- _About this exercise_:
Output, exactly and with no pictures, the line that contains "9 & 9A Sherie Place, Howick" and every line that comes after it in the data below, the last one included.

Image-caption web data:
○ ○ ○

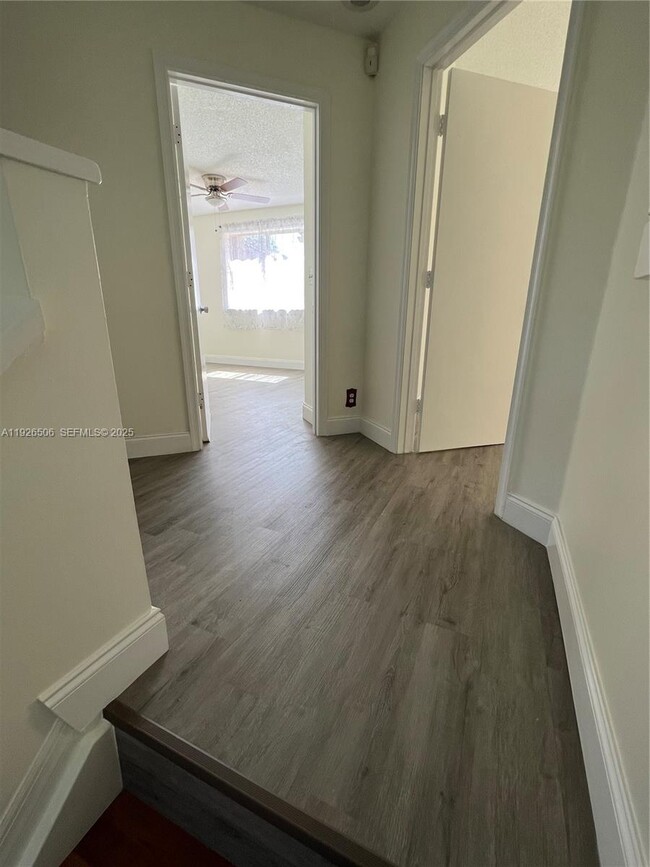 Building Photo - 11383 Lakeview Dr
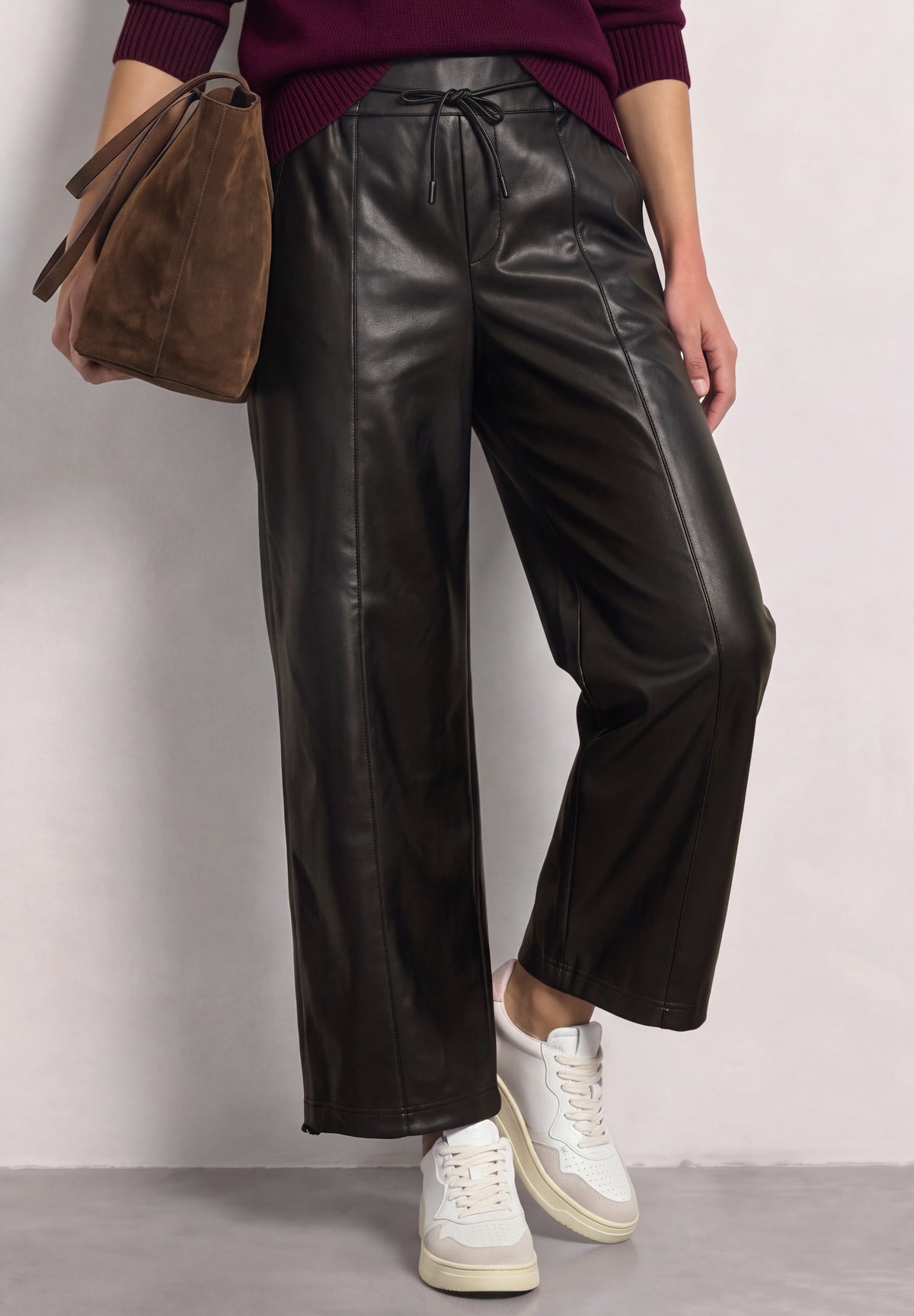 Straight Leg Hose in Leder-Optik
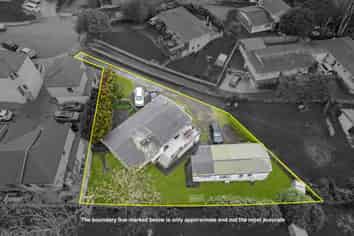 9 & 9A Sherie Place, Howick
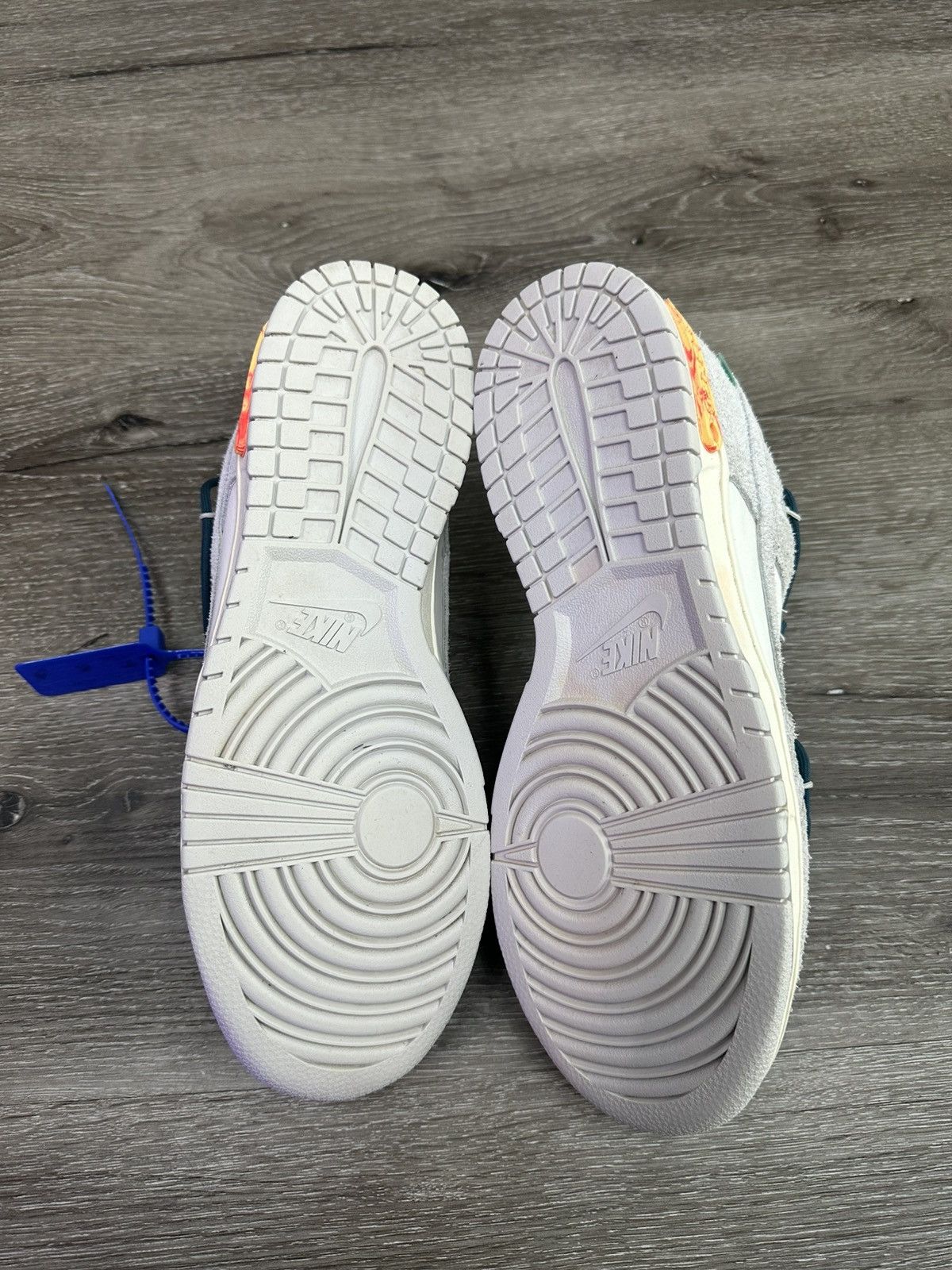 Nike × Off-White Nike Dunk Low x Off-White “Lot 16” **PRE-OWNED** Size US 10.5 / EU 43-44 - 5 Thumbnail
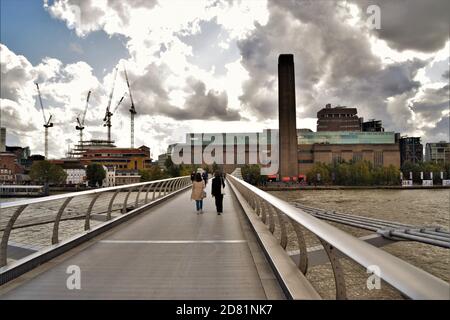 Millennium Bridge und Tate Modern, London, Großbritannien Stockfoto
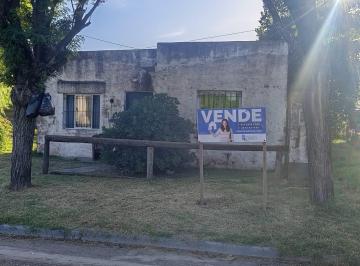 Casa · 250m² · 2 Dormitorios · Casa en Saladillo
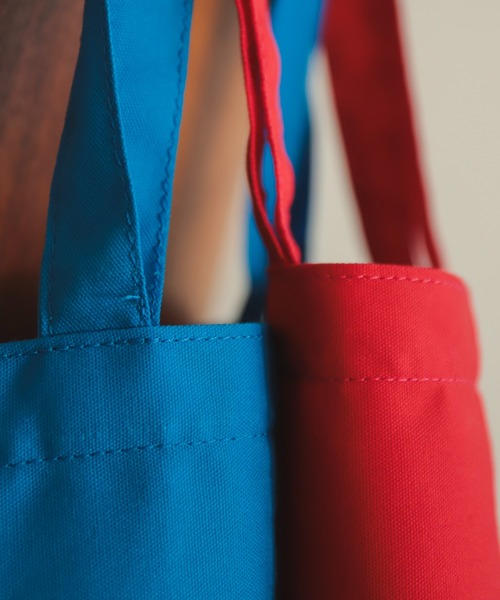 rapiecage（ラピエサージュ）の「コットンオックスプリントトート（トートバッグ・レディース・レッド/ブルー・FREE）」の5枚目の写真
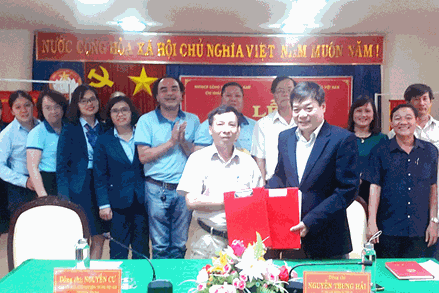 Kon Tum: Tổ chức Lễ ký kết Hợp đồng tài trợ xây dựng 100 căn nhà đại đoàn kết cho 100 hộ nghèo 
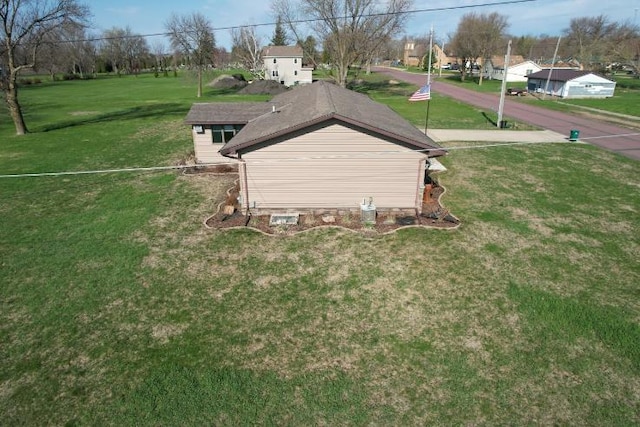 view of green lawn featuring a residential view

○ ○ ○

- _Reply to the exercise_:
 9 & 9A Sherie Place, Howick
 Nike × Off-White Nike Dunk Low x Off-White “Lot 16” **PRE-OWNED** Size US 10.5 / EU 43-44 - 5 Thumbnail
 Millennium Bridge und Tate Modern, London, Großbritannien Stockfoto
 Casa · 250m² · 2 Dormitorios · Casa en Saladillo
 rapiecage（ラピエサージュ）の「コットンオックスプリントトート（トートバッグ・レディース・レッド/ブルー・FREE）」の5枚目の写真
 Kon Tum: Tổ chức Lễ ký kết Hợp đồng tài trợ xây dựng 100 căn nhà đại đoàn kết cho 100 hộ nghèo 
 view of green lawn featuring a residential view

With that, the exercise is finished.